WHAT IS REQUIRED:
Without the images, set down each entry exactly.

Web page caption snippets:
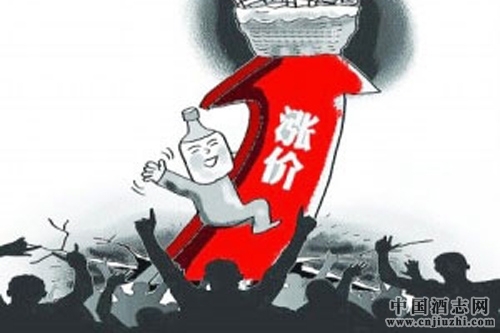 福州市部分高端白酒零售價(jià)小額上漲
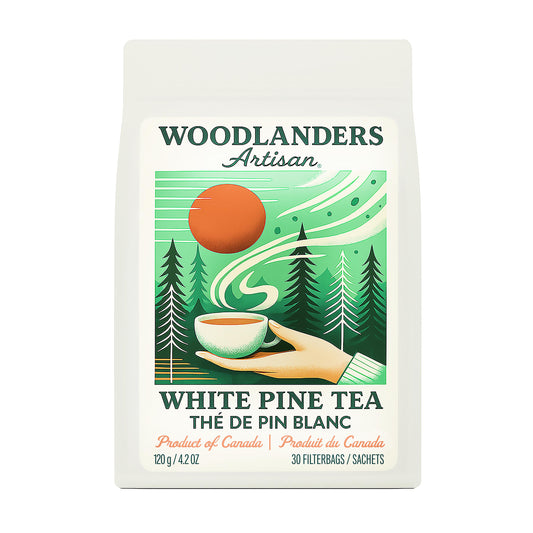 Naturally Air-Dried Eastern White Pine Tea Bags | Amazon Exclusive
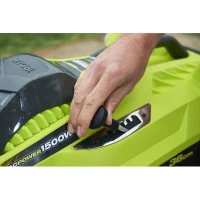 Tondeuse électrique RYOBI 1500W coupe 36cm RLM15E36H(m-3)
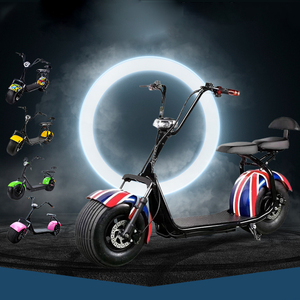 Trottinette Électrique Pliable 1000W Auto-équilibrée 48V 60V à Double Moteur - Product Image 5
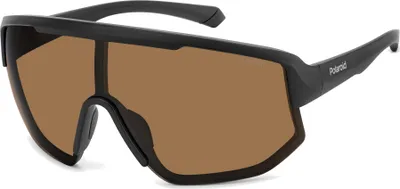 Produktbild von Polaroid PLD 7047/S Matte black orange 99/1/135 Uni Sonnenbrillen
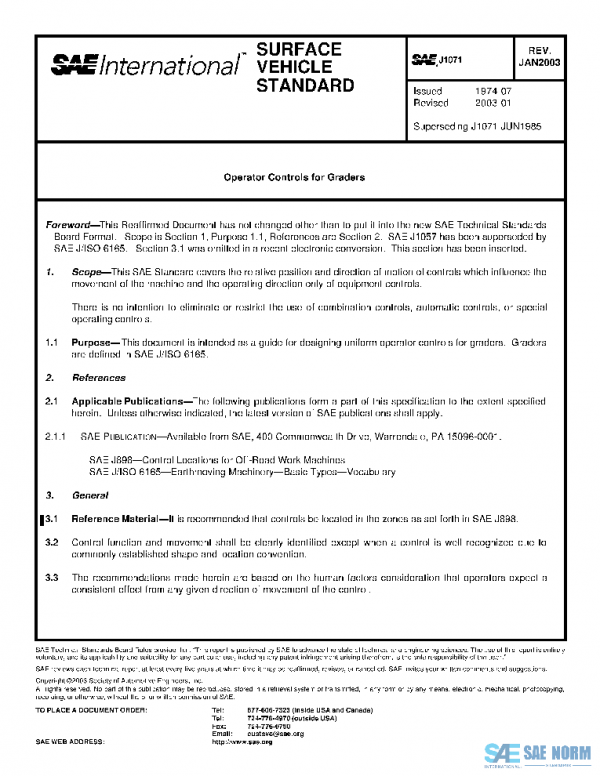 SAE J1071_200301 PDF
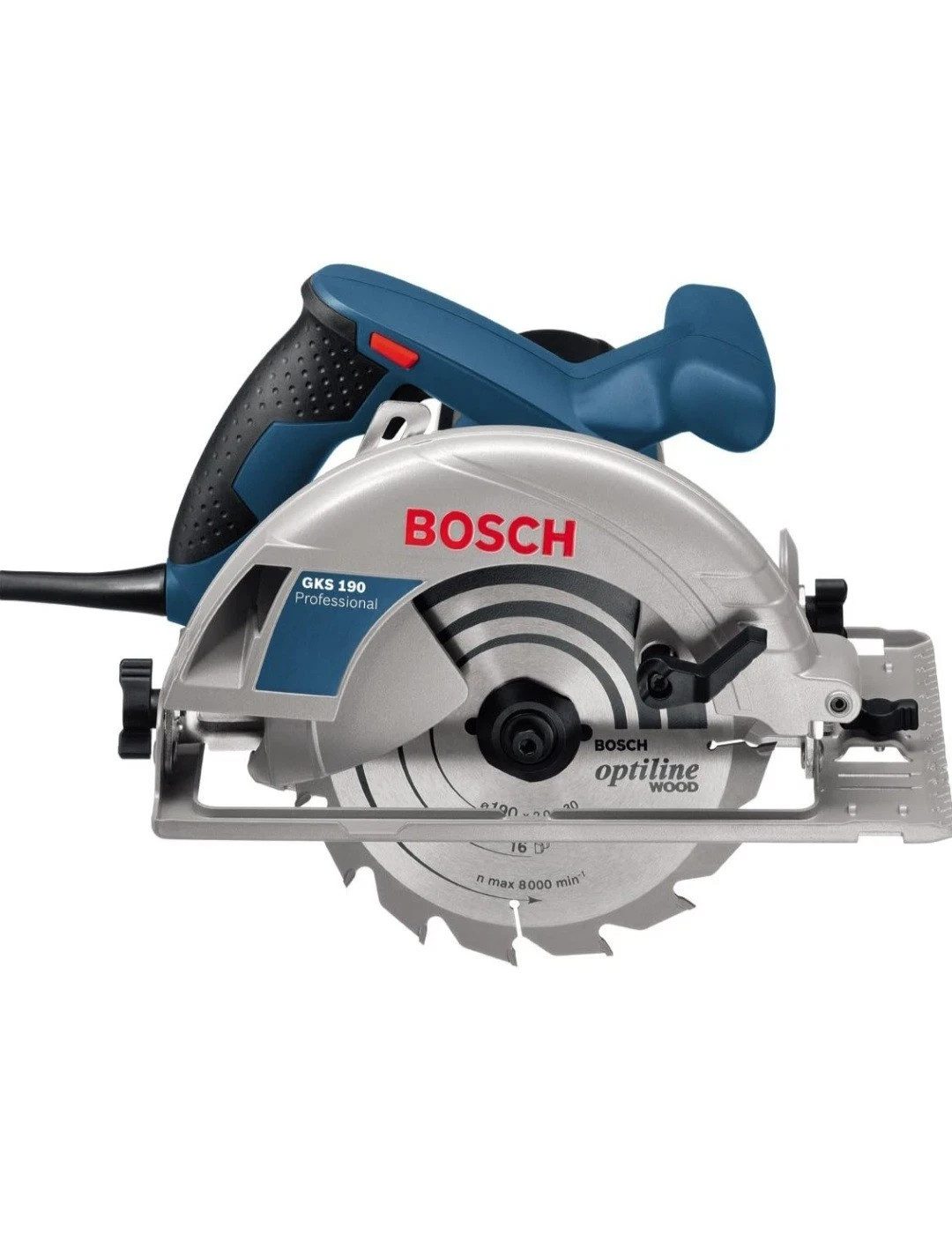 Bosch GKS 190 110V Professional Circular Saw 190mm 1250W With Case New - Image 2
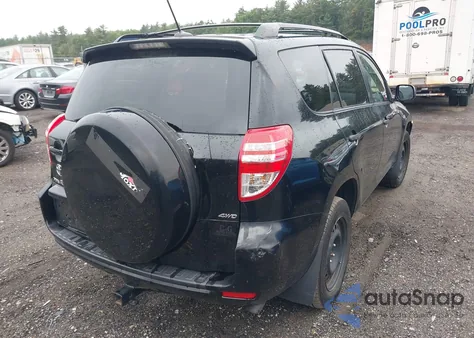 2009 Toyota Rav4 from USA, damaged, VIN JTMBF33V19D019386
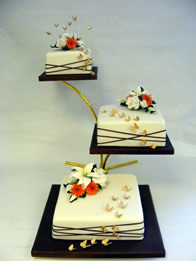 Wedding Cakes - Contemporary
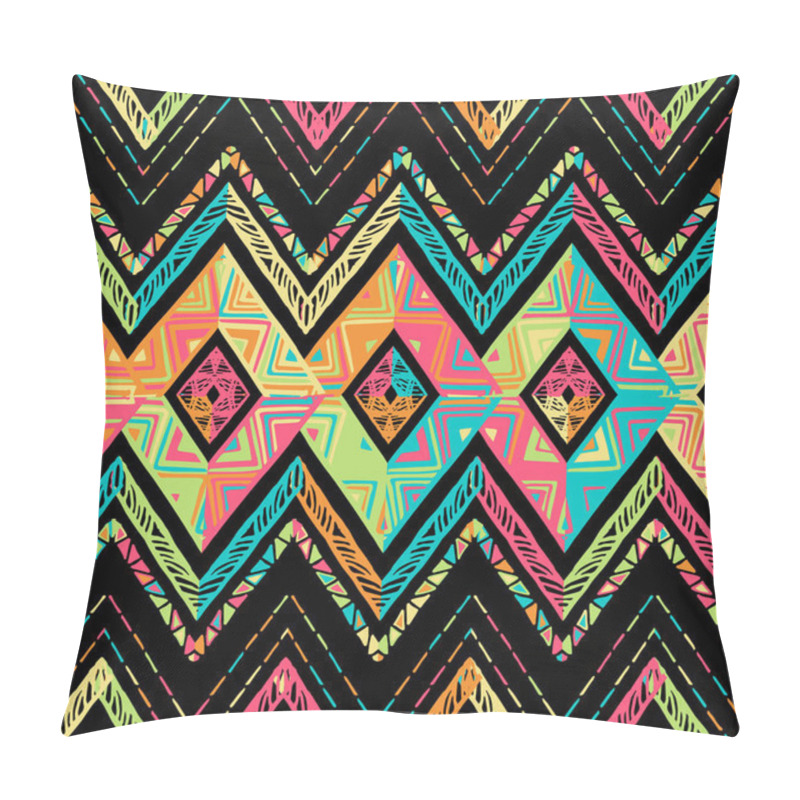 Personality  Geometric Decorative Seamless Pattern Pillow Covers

REPLY TO THE TASK:
 福州市部分高端白酒零售價(jià)小額上漲
 Naturally Air-Dried Eastern White Pine Tea Bags | Amazon Exclusive
 Tondeuse électrique RYOBI 1500W coupe 36cm RLM15E36H(m-3)
 Trottinette Électrique Pliable 1000W Auto-équilibrée 48V 60V à Double Moteur - Product Image 5
 Produktbild von Polaroid PLD 7047/S Matte black orange 99/1/135 Uni Sonnenbrillen
 SAE J1071_200301 PDF
 Bosch GKS 190 110V Professional Circular Saw 190mm 1250W With Case New - Image 2
 2009 Toyota Rav4 from USA, damaged, VIN JTMBF33V19D019386
 Wedding Cakes - Contemporary
 Personality  Geometric Decorative Seamless Pattern Pillow Covers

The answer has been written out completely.